WHAT IS BEING ASKED
Without the pictures, set down exactly the lines from the one that contains "Table basse grise 2 pièces" to the end of the entries, both included, and nothing besides.

────────

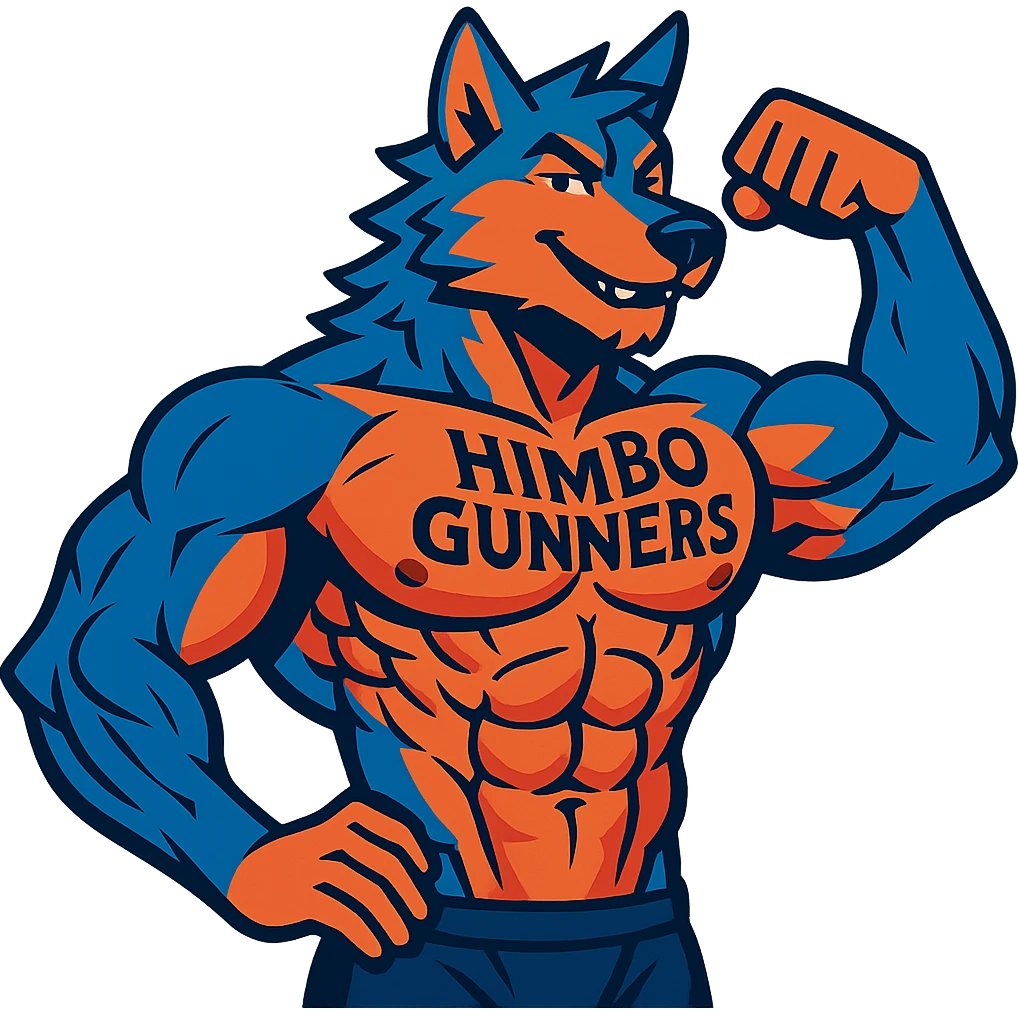 extremely muscular, attractive, and detailed wolf furry, shirtless, with 'Himbo Gunners' tattoo across chest, flexing, confident, with intricate fur and muscle definition emoji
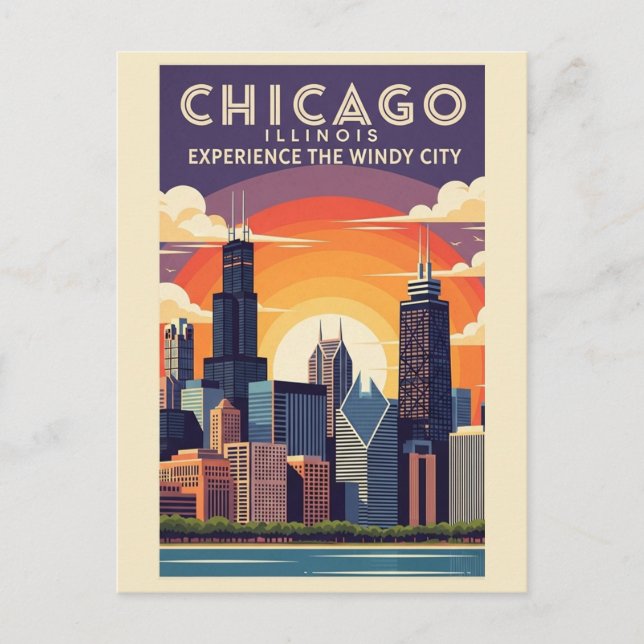 Vintage Chicago Illinois City Skyline Retro Travel Postcard (Front)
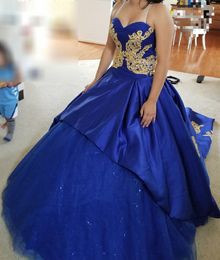 2019 New Stunning Royal Blue Puffy Ball Gown Quinceanera Dresses Crystals For 15 Years Sweet 16 Plus Size Pageant Prom Party Gown QC1071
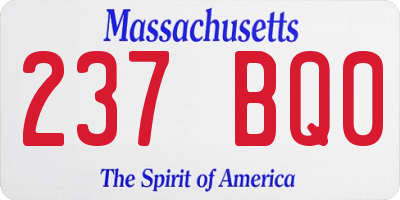 MA license plate 237BQ0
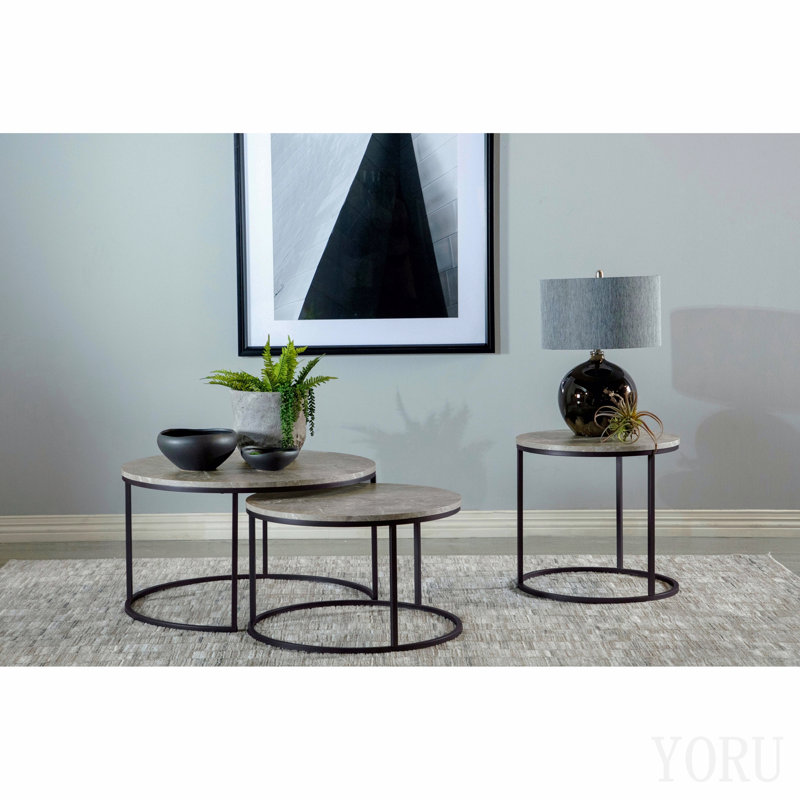Table basse grise 2 pièces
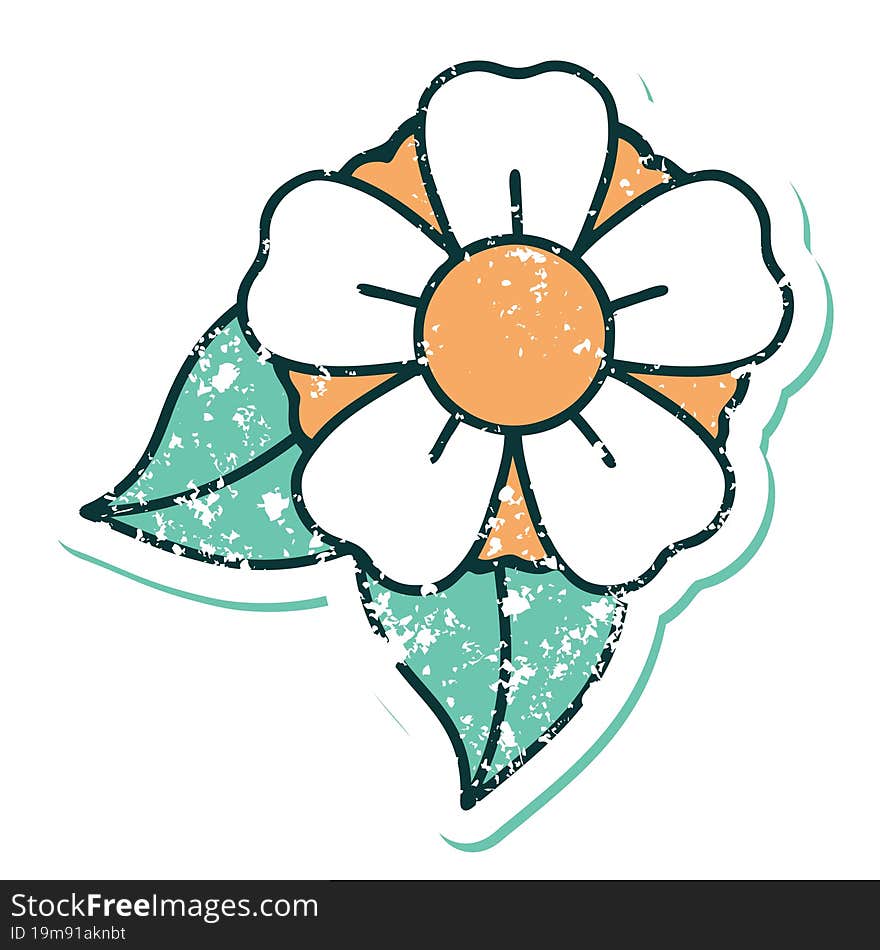 iconic distressed sticker tattoo style image of a flower. iconic distressed sticker tattoo style image of a flower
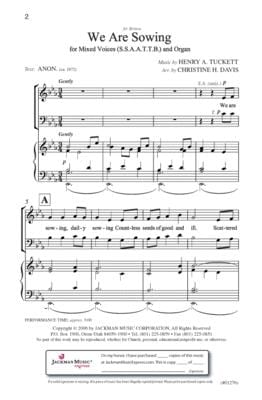 We Are Sowing Ssaattbb | Sheet Music | Jackman Music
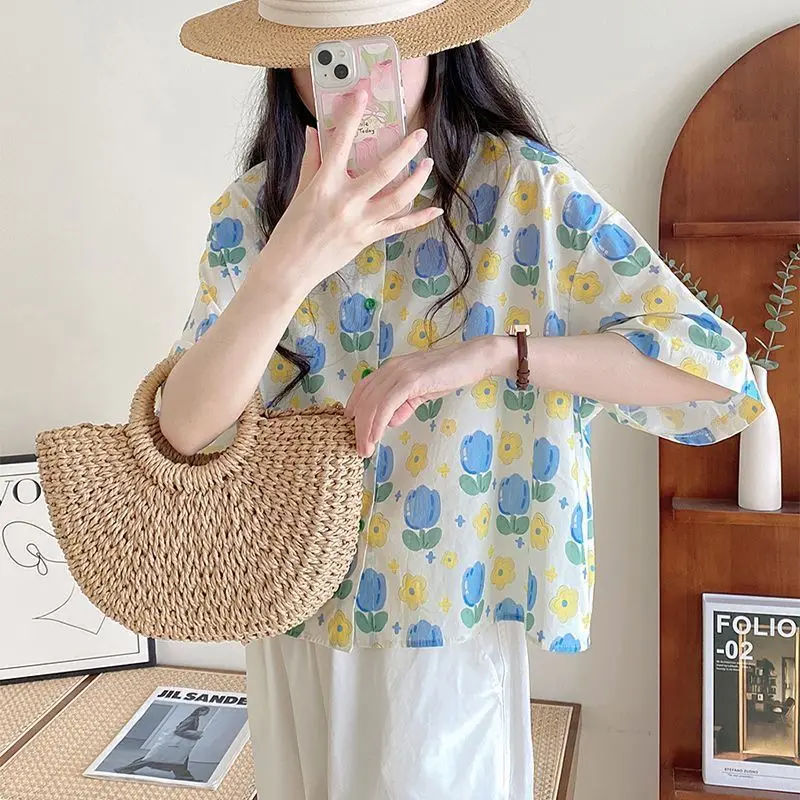 

Hawaiian Shirt Flower Blouse 2023 Summer Fashion Women Tulip Printed Short Sleeve Shirts Female Casual Elegant Basic Top Clothes
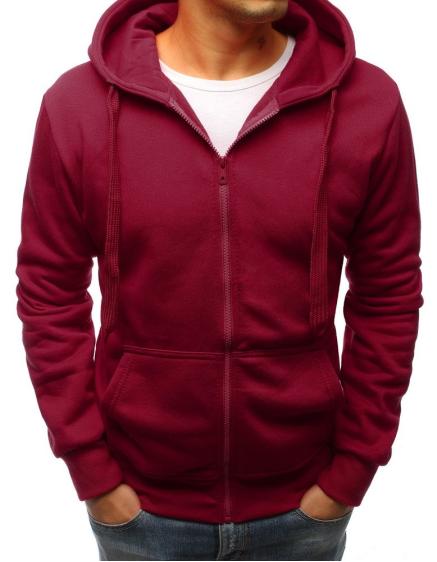 Férfi ELEGANT kapucnis pulóver kapucni nyitással bordó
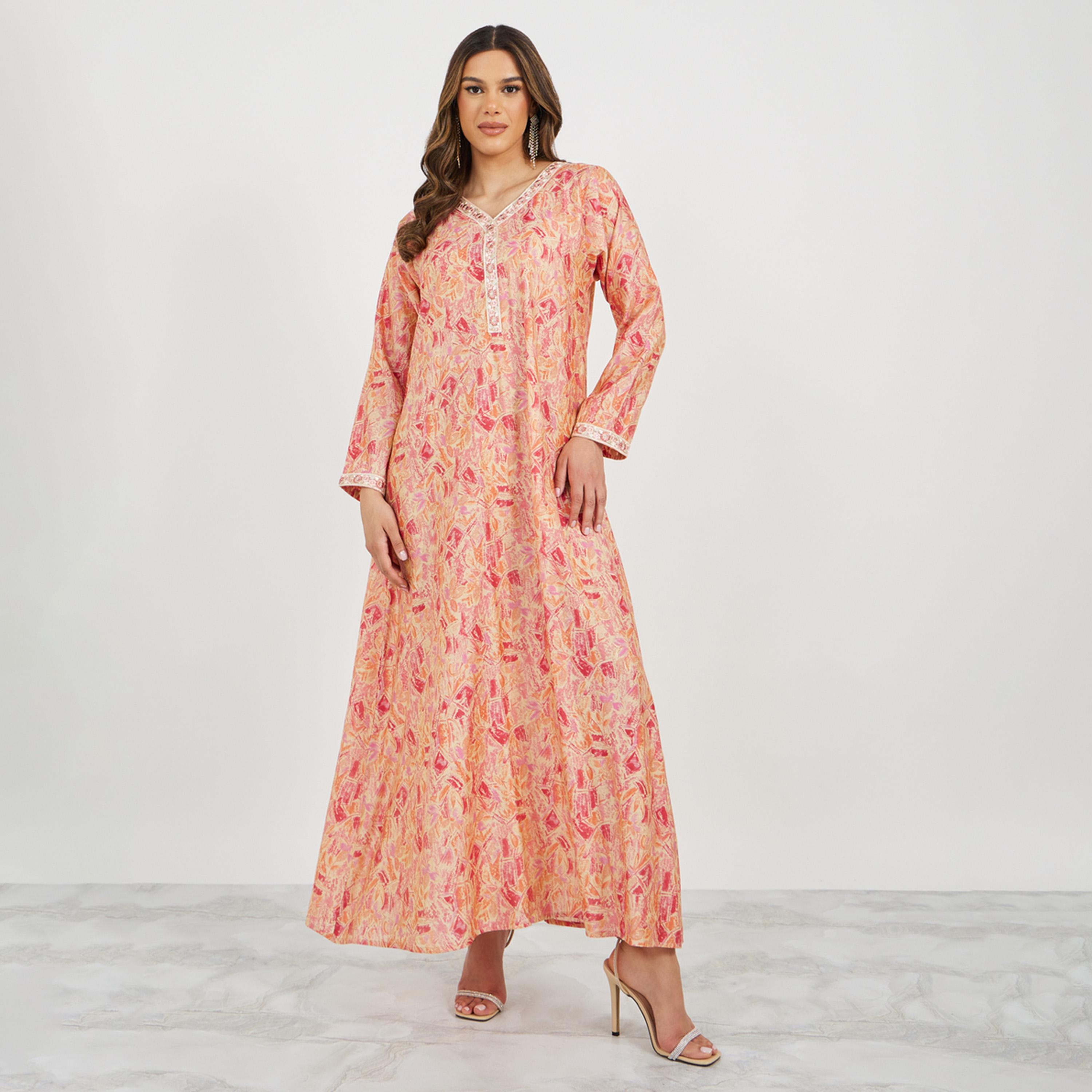 ستايلي - جلابية مطبوعة ومطرزة بفتحة رقبة على شكل حرف V وقصّة A-women-arabicclothing-jalabiyas-image-2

────────

ANSWER TO THIS TASK
Table basse grise 2 pièces
 iconic distressed sticker tattoo style image of a flower. iconic distressed sticker tattoo style image of a flower
 We Are Sowing Ssaattbb | Sheet Music | Jackman Music

Hawaiian Shirt Flower Blouse 2023 Summer Fashion Women Tulip Printed Short Sleeve Shirts Female Casual Elegant Basic Top Clothes
 Férfi ELEGANT kapucnis pulóver kapucni nyitással bordó
 ستايلي - جلابية مطبوعة ومطرزة بفتحة رقبة على شكل حرف V وقصّة A-women-arabicclothing-jalabiyas-image-2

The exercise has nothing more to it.